Head of the CSU Horst Seehofer reportedly consulted with his fellow sister party CDU members at the weekend and secured their backing for the tactic, calling the FDP out for being neo-liberals.

The FDP hit back, saying his attacks were wrong, and that it was behaving with social responsibility as a coalition partner in state governments.

Seehofer, who is also Bavaria's premier, is trying to prevent voters giving their second vote to the FPD, playing on the popularity of Economy Minister Karl-Theodor zu Guttenberg, the most prominent and popular CSU politician of the moment.

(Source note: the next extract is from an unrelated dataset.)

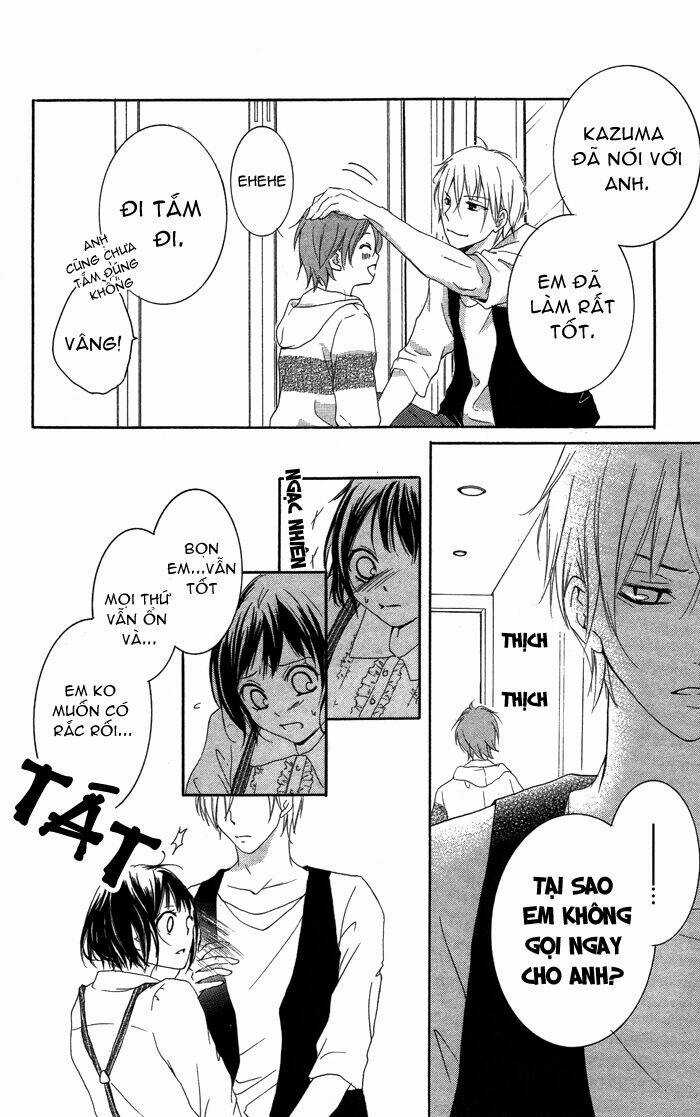 Kanojo Ga Kare Ni Ochiru Riyuu Chapter 2 trang 2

He told the Bild am Sonntag newspaper, “If the voters give enough votes to the Union, we can confidently fill this position again. So whoever wants to keep Karl-Theodor zu Guttenberg as Economy Minister should use their second vote in Bavaria for the CSU and otherwise vote CDU.”

The fight between CSU and FDP could prove irritating for Angela Merkel, who recently said her aim was to form a black-yellow coalition between her CDU, its sister party the CSU and the Free Democrats after the election.

But Seehofer said, “The FDP will endanger the electoral chances of black-yellow if they continue to fight the election campaign with frightening neo-liberal spirits. [FDP chief Guido] Westerwelle should have learned that from 2005.”

Westerwelle said he was not a neo-liberal, telling daily Die Tageszeitung, “I cannot do anything with that word.” He said the FDP was a coalition partner in state governments covering three quarters of the German population. “Not a single social guarantee has been broken there,” he said. His party has recently called for changes to be made to the Hartz IV social welfare payments, sparking an avalanche of criticism.